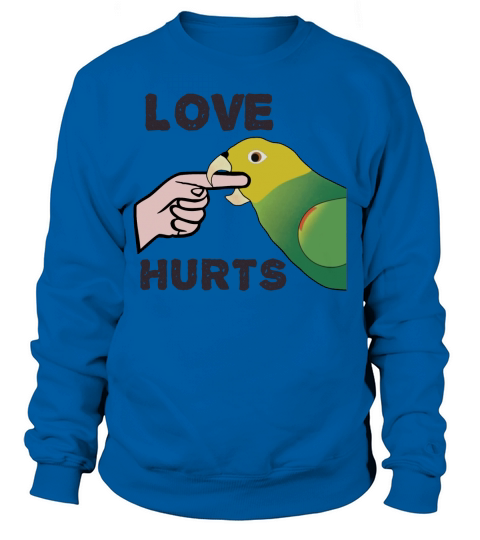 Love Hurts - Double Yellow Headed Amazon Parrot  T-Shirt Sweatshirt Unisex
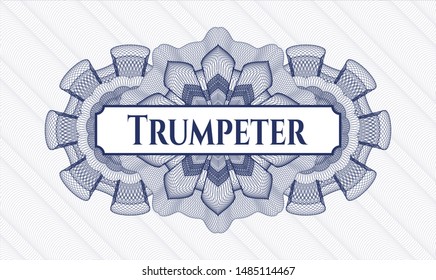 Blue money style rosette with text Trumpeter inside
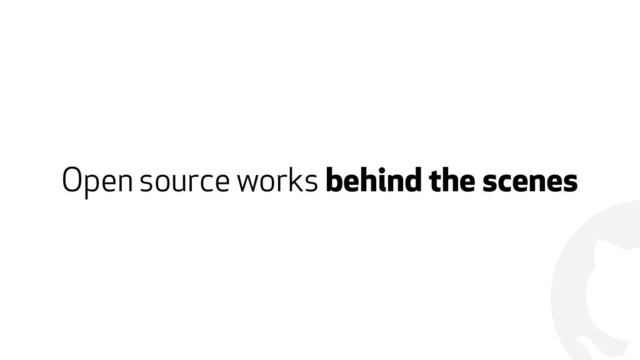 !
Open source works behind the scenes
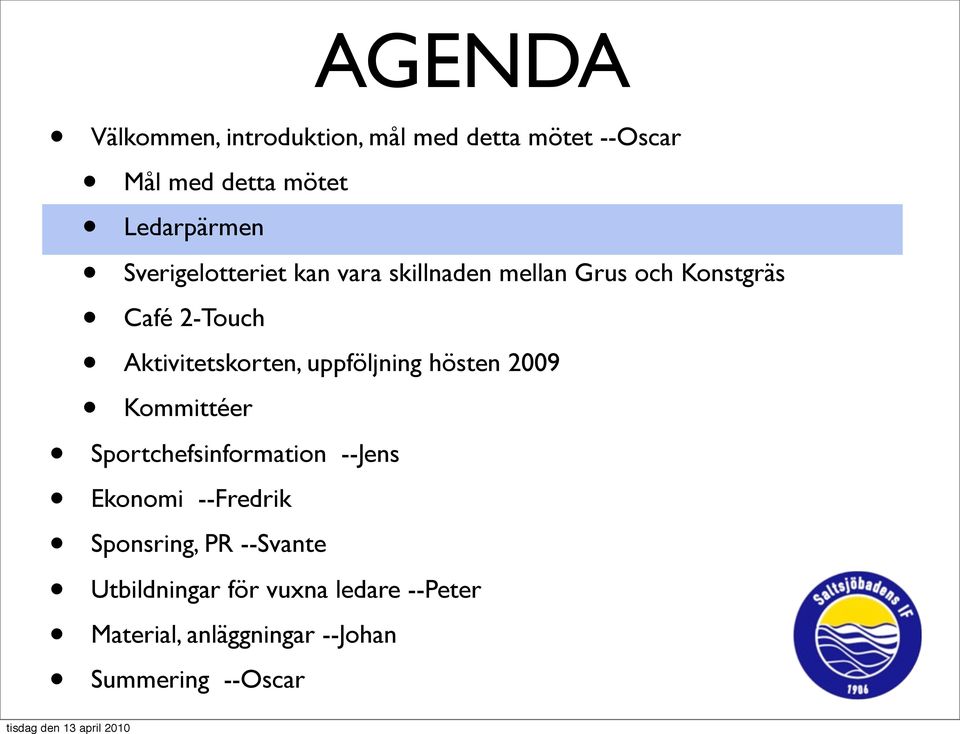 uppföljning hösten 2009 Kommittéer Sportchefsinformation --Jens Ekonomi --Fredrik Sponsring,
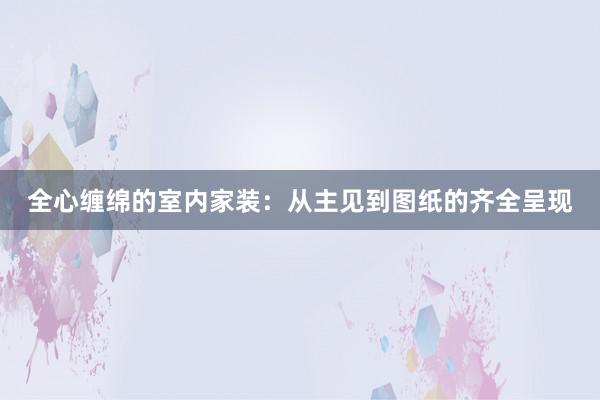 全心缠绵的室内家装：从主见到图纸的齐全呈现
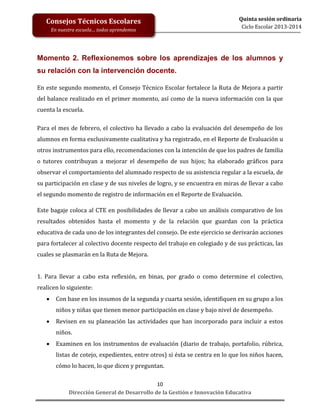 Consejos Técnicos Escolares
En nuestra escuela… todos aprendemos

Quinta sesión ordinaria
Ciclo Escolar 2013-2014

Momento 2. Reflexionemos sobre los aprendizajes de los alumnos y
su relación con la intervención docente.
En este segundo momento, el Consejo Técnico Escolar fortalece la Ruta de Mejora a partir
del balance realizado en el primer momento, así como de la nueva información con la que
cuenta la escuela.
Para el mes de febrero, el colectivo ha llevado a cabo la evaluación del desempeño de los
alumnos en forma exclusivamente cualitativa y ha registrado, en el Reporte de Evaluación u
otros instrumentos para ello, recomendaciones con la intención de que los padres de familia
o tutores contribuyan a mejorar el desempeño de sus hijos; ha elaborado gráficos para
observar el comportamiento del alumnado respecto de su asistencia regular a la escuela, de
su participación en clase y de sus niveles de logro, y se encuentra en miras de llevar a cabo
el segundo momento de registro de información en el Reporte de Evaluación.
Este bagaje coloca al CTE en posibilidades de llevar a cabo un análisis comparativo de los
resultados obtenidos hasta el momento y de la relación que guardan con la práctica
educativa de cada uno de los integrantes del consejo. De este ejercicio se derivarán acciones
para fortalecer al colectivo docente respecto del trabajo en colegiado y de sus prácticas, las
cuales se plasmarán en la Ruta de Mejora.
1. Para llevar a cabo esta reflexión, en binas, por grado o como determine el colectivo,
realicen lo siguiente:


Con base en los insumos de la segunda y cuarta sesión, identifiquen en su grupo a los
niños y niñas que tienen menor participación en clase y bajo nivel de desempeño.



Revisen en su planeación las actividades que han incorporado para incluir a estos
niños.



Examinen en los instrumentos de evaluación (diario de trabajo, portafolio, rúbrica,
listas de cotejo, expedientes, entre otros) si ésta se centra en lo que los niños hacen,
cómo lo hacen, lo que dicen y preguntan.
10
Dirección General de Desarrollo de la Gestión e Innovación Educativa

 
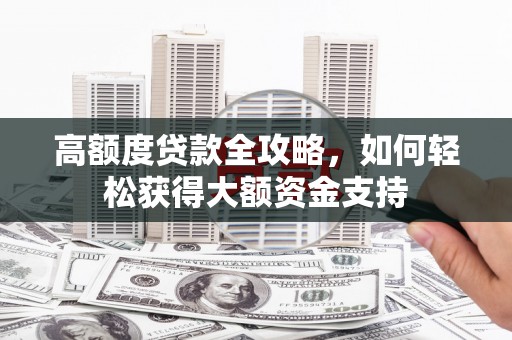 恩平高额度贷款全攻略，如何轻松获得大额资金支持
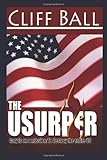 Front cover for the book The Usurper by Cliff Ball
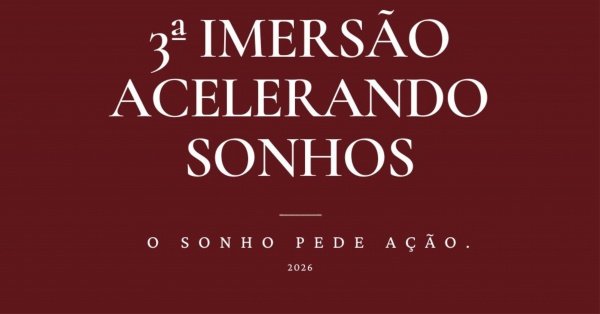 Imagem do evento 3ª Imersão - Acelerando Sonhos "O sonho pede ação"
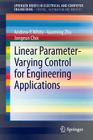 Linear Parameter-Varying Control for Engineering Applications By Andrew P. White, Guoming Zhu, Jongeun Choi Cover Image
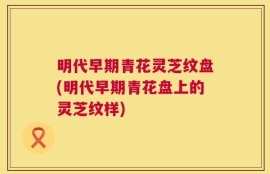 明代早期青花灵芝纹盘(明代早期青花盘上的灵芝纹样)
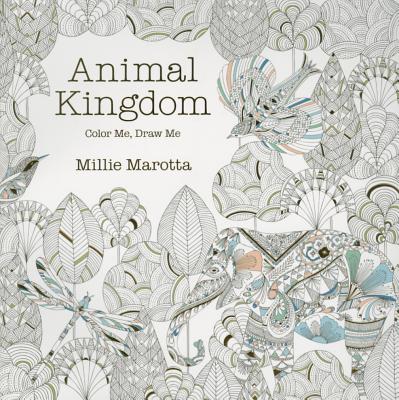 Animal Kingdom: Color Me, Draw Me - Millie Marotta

==================================================

» **Work instruction**: The copy must start at the line containing "Linear Parameter-Varying Control" and end at the last line of the records, matching each line exactly and holding no pictures.

» **Answer to this exercise**:
 Linear Parameter-Varying Control for Engineering Applications By Andrew P. White, Guoming Zhu, Jongeun Choi Cover Image
 明代早期青花灵芝纹盘(明代早期青花盘上的灵芝纹样)
 Animal Kingdom: Color Me, Draw Me - Millie Marotta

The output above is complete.